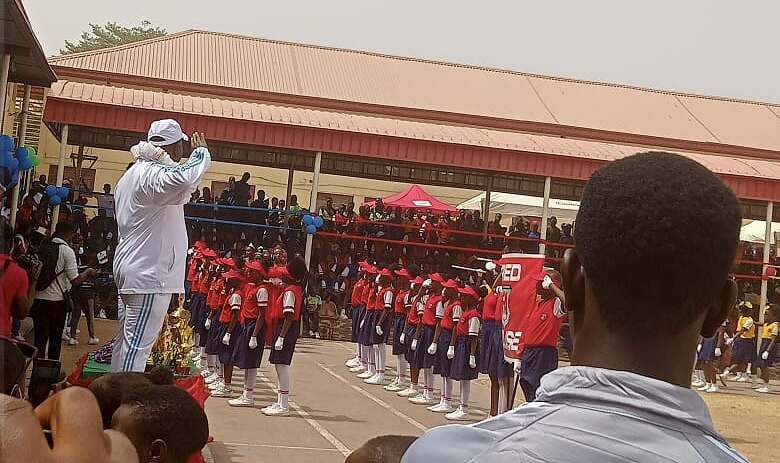 Announcing Our Annual Inter-House Sports Festival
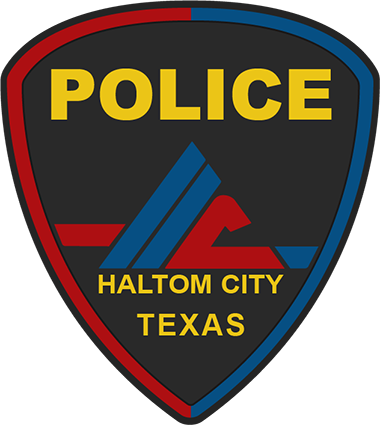 Haltom City Police Dept logo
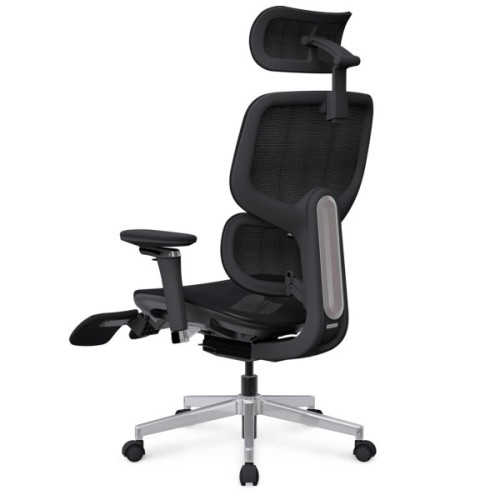 Офісне крісло Mealux D2 Air Plus Black (HF-D2 Plus M/B)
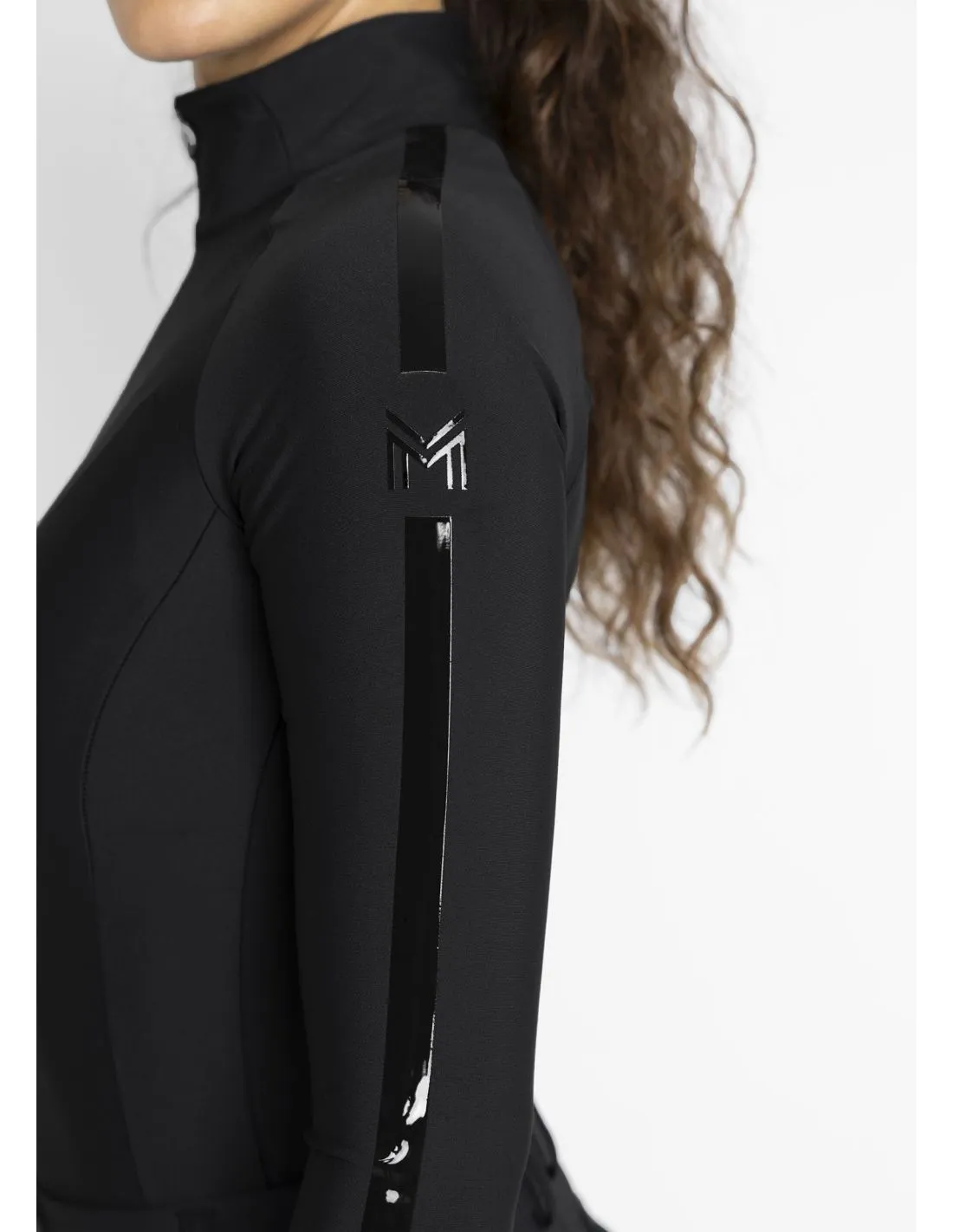 Camiseta manga larga Reflection Base Layer Negro Maximilian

________________________________________

:: Exercise ::
Copy the lines above exactly and exclude every image.

:: Task response ::
 Announcing Our Annual Inter-House Sports Festival
 Haltom City Police Dept logo
 Офісне крісло Mealux D2 Air Plus Black (HF-D2 Plus M/B)
 Camiseta manga larga Reflection Base Layer Negro Maximilian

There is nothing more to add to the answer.